Residents of inland Australia continue to suffer from health policies that determine their fates by where they live in relation to imaginary lines on maps.
Last year a massive response to the plight of Patrick Tjungurrayi, an elderly artist from a remote community near the border of the Northern Territory and Western Australia, prompted an agreement between the NT and WA governments to allow renal patients more choice in where they were treated.
Patrick Tjungarrayi had declared he would rather die in his own community than have to travel for dialysis to the distant city of Perth, where he had no relatives living.
Now Nura Ward, a grandmother in her seventies from Ernabella in South Australia’s far north-west, is the subject of a similar policy.
She will be required to go to Adelaide for treatment for kidney failure because she lives in South Australia. Like Patrick, she has no friends in the big city and wants to go to Alice Springs for dialysis.
“It was bad enough when people had to go on dialysis and live in Alice Springs , but this is much, much worse. We might never see Nura again.
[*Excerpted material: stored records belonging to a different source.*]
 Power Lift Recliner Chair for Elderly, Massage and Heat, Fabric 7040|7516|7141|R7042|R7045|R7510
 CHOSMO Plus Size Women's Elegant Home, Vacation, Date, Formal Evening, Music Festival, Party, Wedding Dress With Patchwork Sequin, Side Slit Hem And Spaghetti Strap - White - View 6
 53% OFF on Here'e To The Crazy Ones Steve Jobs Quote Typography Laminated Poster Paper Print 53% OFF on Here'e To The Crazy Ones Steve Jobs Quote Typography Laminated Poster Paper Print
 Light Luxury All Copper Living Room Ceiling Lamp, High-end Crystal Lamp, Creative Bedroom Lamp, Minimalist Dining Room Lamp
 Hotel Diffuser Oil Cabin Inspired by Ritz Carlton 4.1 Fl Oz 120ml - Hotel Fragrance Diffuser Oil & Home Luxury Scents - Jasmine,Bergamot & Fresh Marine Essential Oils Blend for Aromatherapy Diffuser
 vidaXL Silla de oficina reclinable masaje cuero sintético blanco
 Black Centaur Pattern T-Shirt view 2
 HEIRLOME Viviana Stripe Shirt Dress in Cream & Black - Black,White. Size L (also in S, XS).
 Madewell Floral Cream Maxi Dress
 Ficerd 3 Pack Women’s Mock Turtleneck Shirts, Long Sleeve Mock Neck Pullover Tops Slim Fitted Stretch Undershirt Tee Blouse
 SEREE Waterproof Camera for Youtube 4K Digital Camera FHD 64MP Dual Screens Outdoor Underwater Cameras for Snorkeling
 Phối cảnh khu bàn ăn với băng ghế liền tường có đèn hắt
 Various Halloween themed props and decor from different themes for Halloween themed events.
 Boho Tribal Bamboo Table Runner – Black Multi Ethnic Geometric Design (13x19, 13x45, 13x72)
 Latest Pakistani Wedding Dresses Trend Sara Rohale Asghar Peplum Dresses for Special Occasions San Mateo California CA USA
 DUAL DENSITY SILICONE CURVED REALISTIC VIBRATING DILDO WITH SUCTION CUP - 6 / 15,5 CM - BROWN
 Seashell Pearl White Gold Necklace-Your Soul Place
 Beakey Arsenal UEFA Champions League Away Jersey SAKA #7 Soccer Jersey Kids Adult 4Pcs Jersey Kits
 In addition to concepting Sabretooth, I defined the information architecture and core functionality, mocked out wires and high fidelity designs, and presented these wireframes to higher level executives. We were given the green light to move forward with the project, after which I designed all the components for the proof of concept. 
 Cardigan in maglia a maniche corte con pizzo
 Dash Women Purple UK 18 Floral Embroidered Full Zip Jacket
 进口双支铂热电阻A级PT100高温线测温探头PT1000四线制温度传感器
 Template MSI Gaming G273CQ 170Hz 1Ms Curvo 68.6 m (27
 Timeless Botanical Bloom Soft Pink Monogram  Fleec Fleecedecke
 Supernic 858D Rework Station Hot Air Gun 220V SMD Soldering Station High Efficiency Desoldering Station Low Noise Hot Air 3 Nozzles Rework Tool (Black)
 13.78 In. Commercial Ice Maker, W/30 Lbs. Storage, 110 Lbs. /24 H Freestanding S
She came in to hospital and now they want to shift her to the city, to Adelaide. that’s a very cruel thing, especially for an old lady,” said Mrs Ward’s niece, Melissa Thompson. “I bet this wouldn’t happen to Mike Rann or Paul Henderson or Warren Snowdon’s mum, or aunty, or nana.”
A spokesperson for the NPY Women’s Council said Mrs. Ward, in her seventies, was a former cattle station worker, a health worker with her local health service, Nganampa Health, and an aged and disability advocate. She had campaigned vigorously against petrol sniffing and for the wide regional distribution of Opal low-octane fuel. A ”highly accomplished dancer” and cultural interpreter in the traditional style of her region, in the late 1990s she had instructed the Sydney-based Bangarra Aboriginal dance troupe.
A spokesperson for the NT Health Department provided the following comment:
There continues to be a high demand for renal services in Central Australia. To meet current demand capacity has been increased through extra machines within the Alice Springs hospital and an additional seven day service at Flynn Drive.
Later this year the new Gap Road renal service will commence with a total of 12 additional beds, serving 48 patients
The NT Department of Health and Families are in the final stages of negotiating a tri-state agreement with WA and SA for treatment and support of patients within the broader Central Australian region.